I mentioned this fact and got directed to an individual study that indicated the possibility that RF can cause a particular type of cancer. That study didn't really bother me either.

Scientific research uses as its gold standard the 95 per cent confidence interval (p<0.05). What this means is that if you replicate a study 100 times, about five times you will get a false positive (i.e. saying that a compound causes cancer when it really does not).

Given the approximately 25,000 articles published on the topic, the absence of any toxicologically problematic outcomes would be statistically improbable.

What is important is to look at the number and types of positive studies when compared to negative ones. A careful examination of the handful of positive studies shows that almost every one involved a particularly rare type of cancer and a minimal effect. This is the ideal scenario for a false positive. Population statistics break down when sample sizes are small and, in the cases of most of these studies, the number of affected individuals is infinitesimal with respect to the population exposed to RF.

In addition to the copious body of literature that says that Wi-Fi is safe, consider that in the last 70+ years billions of humans worldwide have been exposed to varying concentrations and doses of microwave and radio wave radiation.

Just look at your cell phone right now: almost anywhere you go, you are in range of a Wi-Fi router and you are almost always in range of a radio signal. The fact is, we have not seen spikes in any of those rare cancers purportedly related, via these questionable studies, to exposure to RF.

Certainly we hear about a single police officer here or a woman there who got a suspicious cancer but as I point out in my post Risk Assessment Epilogue: Have a bad case of Anecdotes? Better call an Epidemiologist that is why we have epidemiologists. Epidemiologists look at all the anecdotes and see if there is some underlying trend.

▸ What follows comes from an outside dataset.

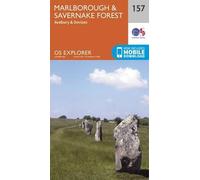 Marlborough and Savernake Forest (Map) OS Explorer Map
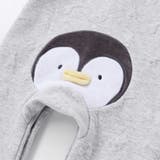 アニマルライオンクマペンギンおしりモチーフロンパースベビー | SLAP SLIP | 詳細画像17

The results are categorical: RF is not a serious human health risk. Rather, it is almost a perfect example, a de minimis risk (which I discuss in another blog post). As I discuss, a de minimis risk is a risk that, while it may exist, is too small to be of societal concern. That almost perfectly describes the risk associated with Wi-Fi, one that is not worthy of serious societal concern. The research is clear, when used according to guidance, Wi-Fi is not a danger to you or your kids.